Vitae wrote beautiful books and articles. Open the River was a memoir telling about how he took up sailing after the death of our son Sorrel in 1990. My favorite novel is the last one, Miguel the Barber. But if you want to know the philosophy behind his happy approach to each moment of life and interested acceptance of each person he met, his book Joyful Numerology for Soul Awakening shows how every number, every moment, can be taken as an opportunity for growth. Many lucky people got to experience his approach to life first hand through counseling and the spiritual workshops he guided called the ALL Discovery Game, still continuing through the younger guides that have been trained.
Vitae’s working life was as a chef, restaurant owner, and food manager, finishing that career as manager of all the restaurants on the Senate side of Capitol Hill, in the late 80′s.

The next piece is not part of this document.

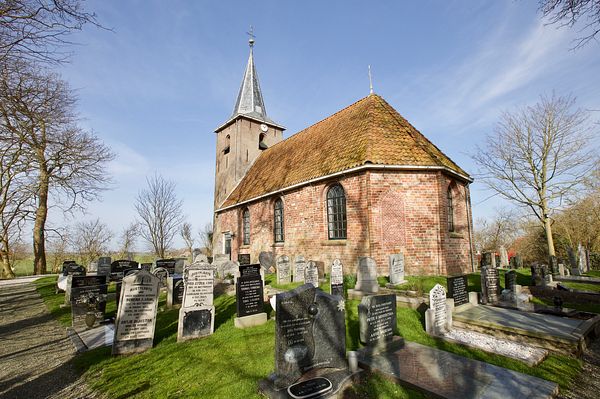 Raard, kerk op terp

Practical matters and personnel issues seemed to sort themselves out under his cheerful and creative approach. He had a great interest in alternative models for business, energy, and society. His appreciation for our personal back-to-the-land lifestyle increased over the years, as the fallacy of consumerism became ever more apparent.
We all knew Vitae as friendly, kind, funny, optimistic, curious, compassionate, generous, and on and on. If you can believe it, for the first half of his life he was a difficult, somewhat troubled, if brilliant, young man. For the last 40 years, through meditation (Kriya Yoga) and the ALL Discovery Game workshops, he gradually dropped all his many non-spiritual traits, without seeming to struggle and strive over it. An amazing process to watch.
I think the secret of our famous togetherness was our mutual devotion to spiritual realization – whatever that might turn out to be. And we never for a moment considered separating from each other.